Kennis en vaardigheden leerlingen moeilijk vergelijkbaar

Er zijn toenemende zorgen over de kennis en vaardigheden van Nederlandse scholieren. Waar Nederland twintig jaar geleden nog aan de Europese top stond, zakt het de laatste jaren steeds verder weg in internationale peilingsonderzoeken. Maar in hoeverre zijn die peilingsonderzoeken een accurate graadmeter? Wanneer andere landen hun score verbeteren of meer landen deelnemen zakt Nederland weliswaar, maar betekent dat niet automatisch dat leerlingen achteruit zijn gegaan. Ook zijn er diverse factoren die een goede vergelijking van de scores over de tijd en tussen landen lastig maken. Dat concludeert het Centraal Planbureau in de publicatie ‘Een blik op de Nederlandse positie in internationale onderwijsrankings’, die op 21 december is gepubliceerd.

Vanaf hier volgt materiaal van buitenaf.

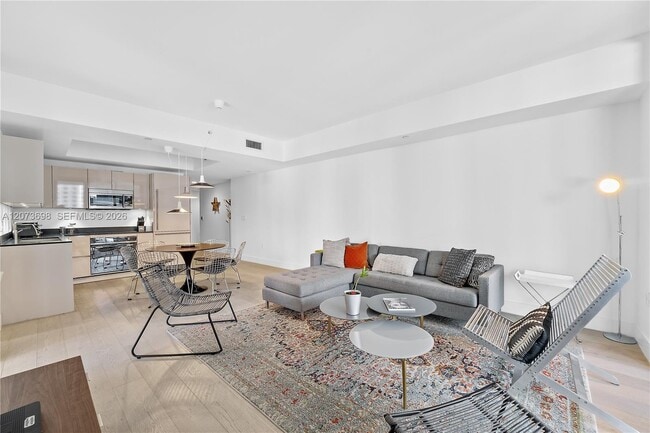 Photo - 1010 Brickell Ave Unidad 1911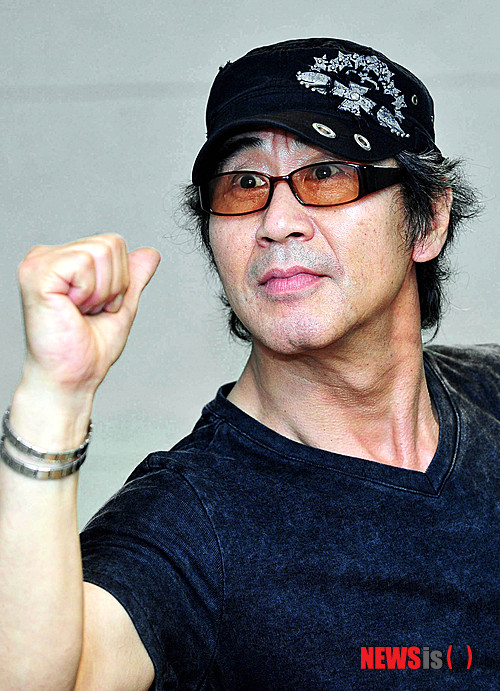 【서울=뉴시스】박문호 기자 = 가수 찰리 박이 2일 오후 서울 중구 충무로 뉴시스 본사에서 인터뷰를 마치고 포즈를 취하고 있다. 찰리 박은 신곡 '버려 버려'를 발표하고 약 4년여 만에 가요계에 복귀한다.&nbsp; go2@newsis.com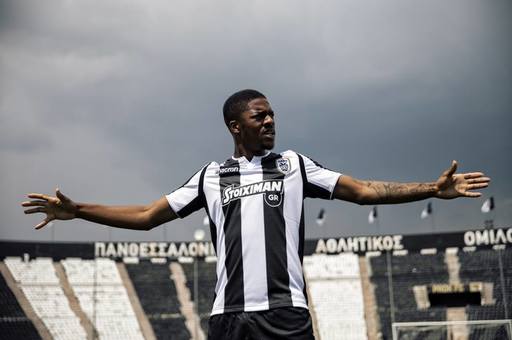 Chuba Akpom: Fotbalul este o religie în Grecia. Suporterii mă opresc mereu ca să îmi arate tatuajele lor cu PAOK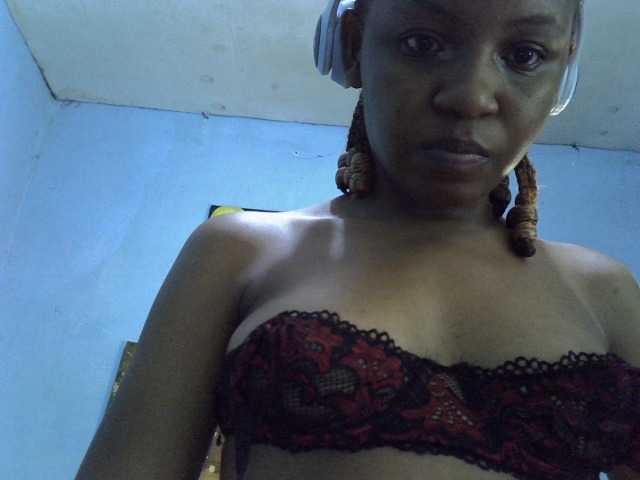 GoldenGoddess1's BongaCams show and profile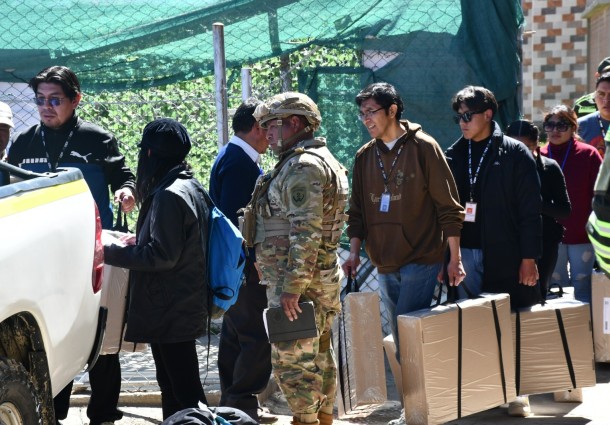 TED Oruro inicia distribución de 636 maletas electorales para 287 recintos de provincias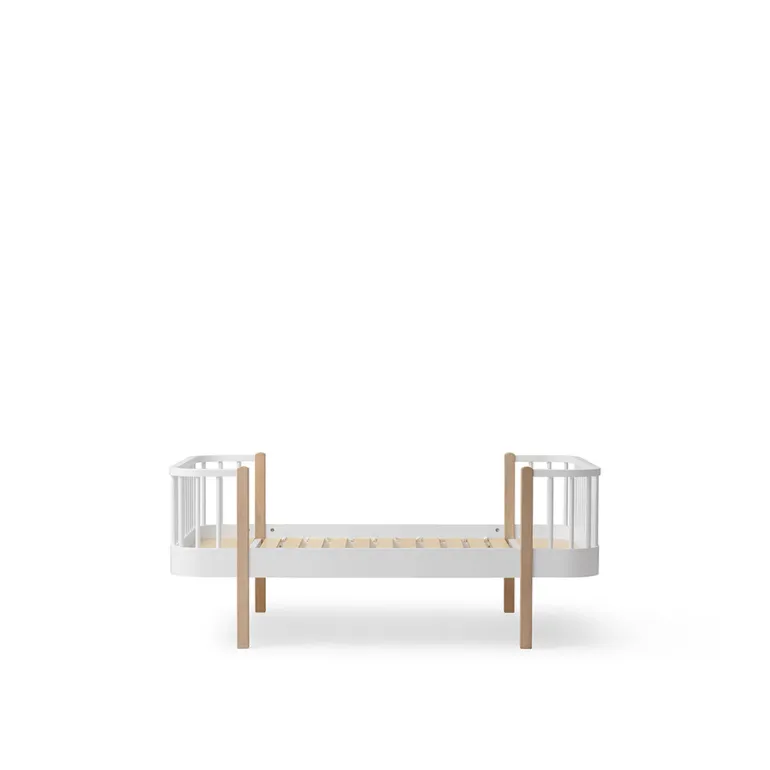 Oliver Furniture, Wood Original, Junior Bed - White/Oak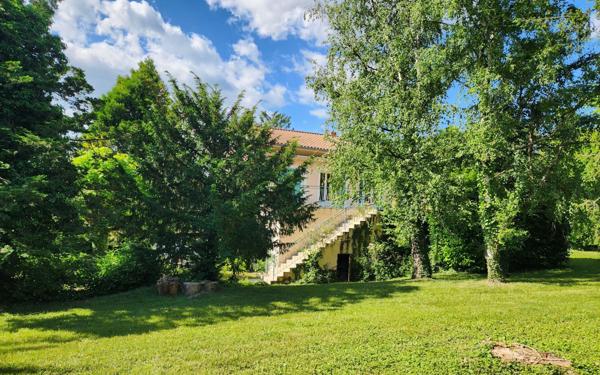 Maison à vendre    5 pièces • 130 m2 Charly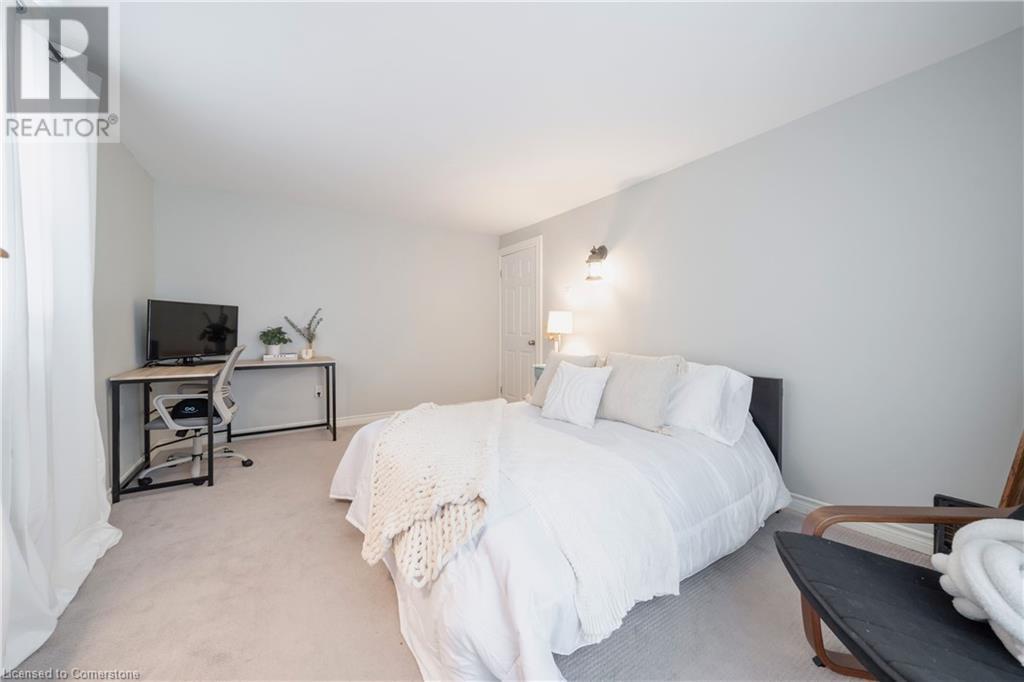 264 Holton Avenue S, Hamilton, Ontario  L8M 2L9 - Photo 21 - 40728862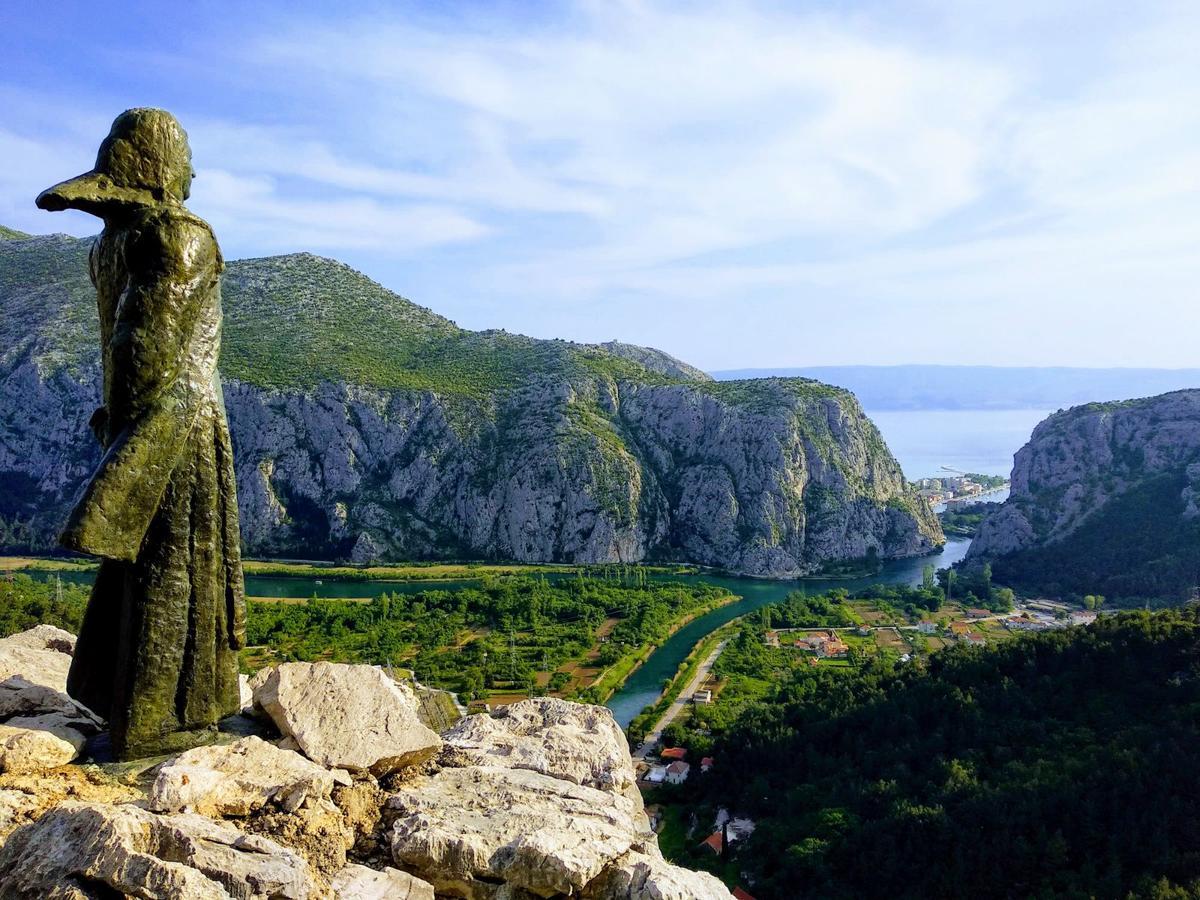 Sunny Blue Apartments Omis Bagian luar foto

Op verzoek van het ministerie van Onderwijs, Cultuur en Wetenschap heeft het CPB gekeken in hoeverre internationale peilingsonderzoeken, zoals PISA, een betrouwbare graadmeter zijn voor de prestaties van Nederland. Daaruit blijkt dat er diverse factoren zijn die de score en positie van Nederland beïnvloeden, maar niet direct hoeven te duiden op een verandering van de onderwijsprestaties. Zo melden ieder jaar nieuwe landen zich aan voor de peilingsonderzoeken. Als deze nieuwe landen hun score verbeteren, daalt Nederland automatisch een aantal plekken op de ranking.

Veranderingen in methoden en toetsingskaders
De internationale literatuur laat zien dat ook andere factoren de positie van een land kunnen beïnvloeden. Zo pakken bijvoorbeeld veranderingen in de afnamemodus, zoals van papieren naar digitale toetsing, voor sommige landen gunstiger uit dan voor andere. De statistische methoden waarmee de resultaten worden berekend, worden ook regelmatig veranderd, waardoor een vergelijking met eerdere peiljaren lastig is. Hetzelfde geldt voor wijzigingen in het toetsingskader. Zo is door de jaren heen de definitie van ‘goed kunnen lezen’ regelmatig bijgesteld. Ook blijkt dat de motivatie en het ‘testuithoudingsvermogen’ van de leerlingen een impact hebben op de rankings. Uit diverse onderzoeken blijkt dat onder andere bovenstaande factoren de positie van Nederland zowel positief als negatief beïnvloeden, maar het is niet mogelijk om het totale effect daarvan in een cijfer te vangen.

Oplossingen
Om tot een betere vergelijking over de tijd en tussen landen te komen, zouden de uitvoerende organisaties een aantal wijzigingen kunnen doorvoeren. Een voorbeeld daarvan is het koppelen van de data van PISA aan het leerlingvolgsysteem en nationale toetsen, zoals het eindexamen. Het koppelen van deze gegevens kan inzicht verschaffen in de representativiteit van de steekproef. Ook zou de impact van wijzigingen in het toetsingskader beter inzichtelijk gemaakt kunnen worden. Het zou dan namelijk duidelijker zijn of een veranderde score samenhangt met onderwijskwaliteit of met het feit dat de toetsen niet ieder jaar dezelfde vaardigheden meten.